Son varias las razones para subrayar la importancia de este acuerdo.
Para advertirlo, basta recordar el propósito general que ha animado el debate en estos meses y que, el acuerdo de anoche, modifica.
Hace apenas unos meses la tarea consistía en refundar Chile, adornando los esfuerzos para lograrlo, mediante payasadas y desplantes, propugnando la existencia de múltiples naciones y creyendo que todo lo que era susceptible de ser derivado en el plano de los conceptos era posible de ser realizado o ejecutado en el plano de la realidad. Durante meses, y la mayor parte de las veces al compás de personas que representaban intereses parciales (y, todo hay que decirlo, sujetos que poseían conocimientos igualmente parciales y limitados) Chile y su institucionalidad, se creyó durante meses, fueron una hoja en blanco, una plana virgen en la que se podía trazar cualquier frase, escribir cualquier palabra, dibujar cualquier institución. Fue la hora en que los valores trascendentales coincidieron con la realidad: en que bastaba argüir que tal cosa era deseable, o apoyada por la mayoría, para que fuese, en virtud de esa constatación, posible.
El país acaba anoche de salir de esa ensoñación.
Se suma a ello el lugar que ahora se concede a los expertos.
Durante mucho tiempo (todo el tiempo que ha durado la crítica a los recientes treinta años) se dijo que los expertos, la tecnocracia, habían usurpado a la voluntad popular, y que a pretexto de la técnica se habían trazado arbitrariamente los límites de lo posible.
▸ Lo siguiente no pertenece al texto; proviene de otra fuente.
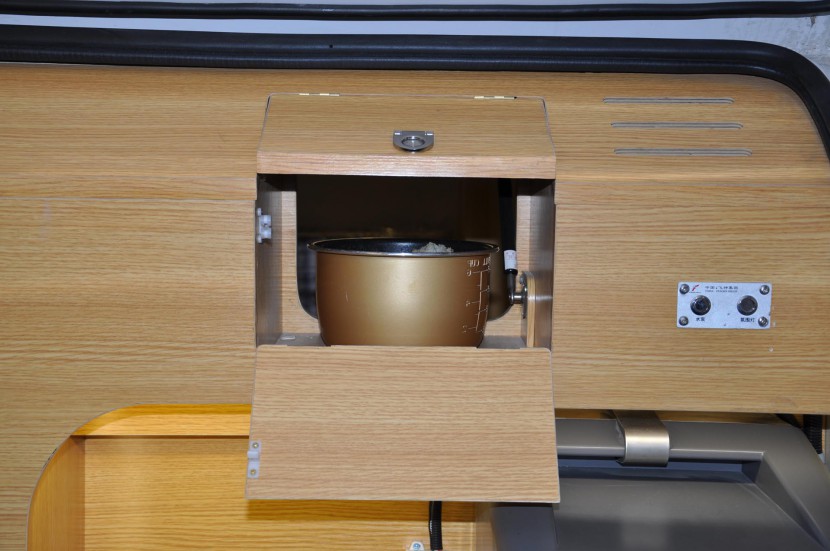 飞神房车爆款推荐：飞神小水滴年销300台，高性价比 4.68万 报名有惊喜 DSC_0577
Lo que se dijo infinidad de veces fue que los expertos no debían tener la última palabra en las cuestiones relativas a la vida colectiva. Se insistió una y otra vez (y el Presidente Gabriel Boric lo subrayó cuando era diputado) que la democracia chilena era imperfecta porque los límites de lo que se consideraba posible de ser realizado, el dibujo de esa línea que indica lo que es factible y lo que no, estaba entregado a la técnica y a quienes estaban familiarizados con ella. Los expertos (que durante mucho tiempo fueron los economistas) habrían sustituido y desplazado a la soberanía popular en favor del simple saber técnico o mejor, se decía entonces, a pretexto del saber técnico. Hoy los expertos (o lo que es otra versión de lo mismo, la racionalidad) han recuperado su lugar en el diseño de la vida colectiva.
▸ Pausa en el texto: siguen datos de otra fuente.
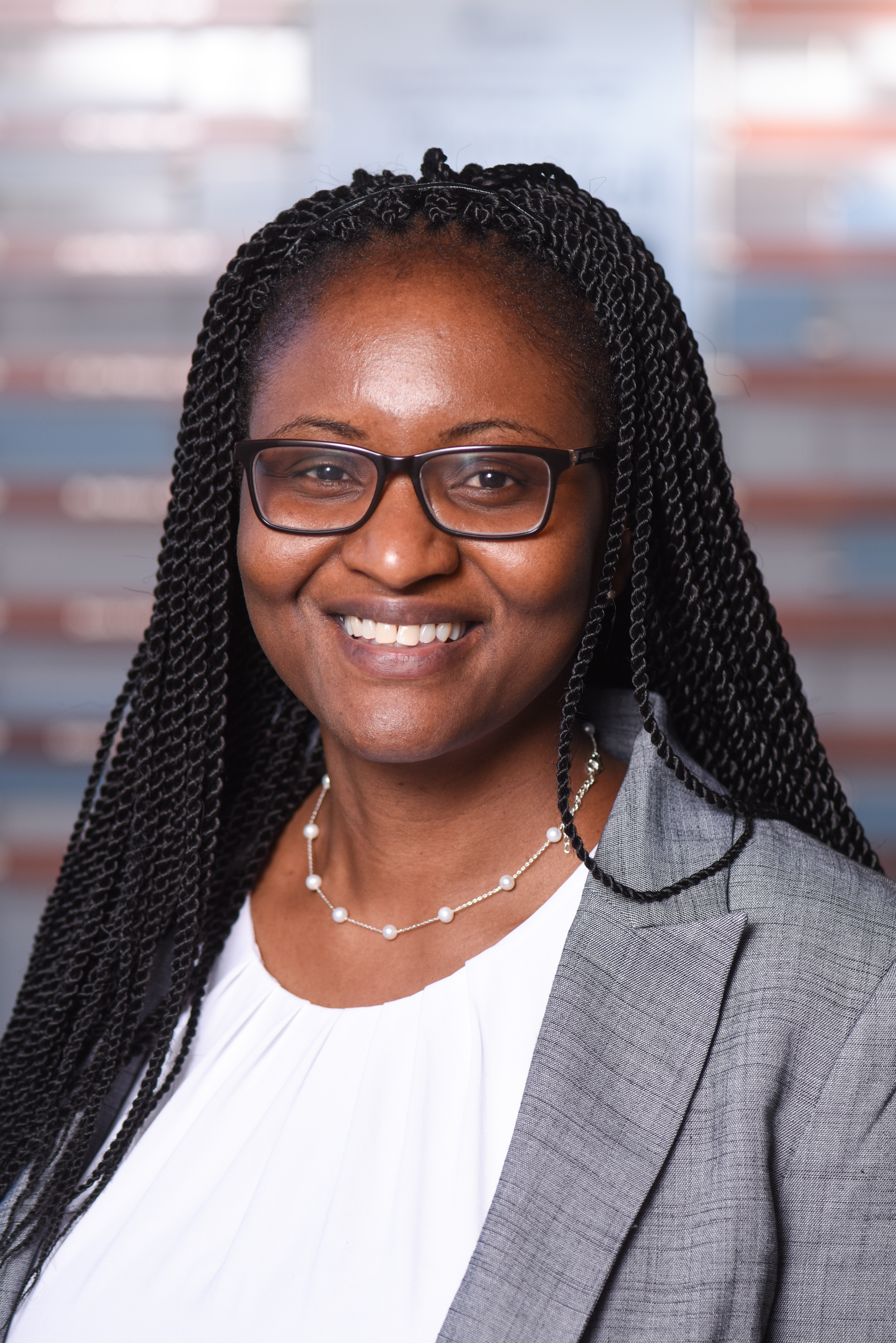 Agnes Asiedu pediatric hospitalist head shot photo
Y hay que alegrarse por eso.
Y ello no porque se crea que la voluntad popular deba ser suplantada, sino porque se ha caído en la cuenta de que la razón importa, que el conocimiento disponible, que los límites de la realidad (que en el caso de la identidad nacional ha sido forjada en doscientos años) valen la pena de ser considerados. El amplio y lento conocimiento legal (portado por hombres de cuello y corbata y mujeres en traje sastre que hoy inundarán la deliberación colectiva) importa a la hora de diseñar la vida en común porque esas personas, cuando se atiende al conocimiento que manejan, permiten ahorrar esfuerzo, evitar tropiezos y acortar el camino. El conocimiento —también el conocimiento legal— permiten ahorrar desvelos y eludir errores.
Y para subrayar todo lo anterior, se encuentra una convicción que parece animar el conjunto de este acuerdo: la idea que Chile consiste en una comunidad política que, al margen de la diversidad histórica y étnica, equivale a una universalidad cohesionada por la igualdad ante la ley.
Es lo que subraya el título del acuerdo.
Ese título significa reconocer lo que la Convención puso en duda: allí donde se propugnó la existencia de múltiples naciones, este acuerdo destaca, sobre todo, la existencia de una sola en cuyo derredor erigen su identidad los demás pueblos. No deja de ser notable, y vale la pena subrayarlo, que los órganos representativos de la voluntad popular se hayan encargado de subrayar un hecho simbólico que durante los últimos meses pareció susceptible de ser negado sin dificultad alguna.
Quizá el título resuma todo lo que hay de bueno y susceptible de aplauso en este acuerdo: que fuere lo que fuere que se convenga en el tiempo que viene, él será el fruto de una comunidad política que, al margen del origen étnico o de clase de quienes la integran, tiene la disposición de imaginar un futuro común y estirarse para lograrlo como una comunidad de iguales. Es la receta de Renan y de Ortega: una nación no posee un pasado, sino un futuro compartido.
No hay mejor manera de describir la salud colectiva e individual: la vuelta a la realidad, el abrazo de la propia circunstancia.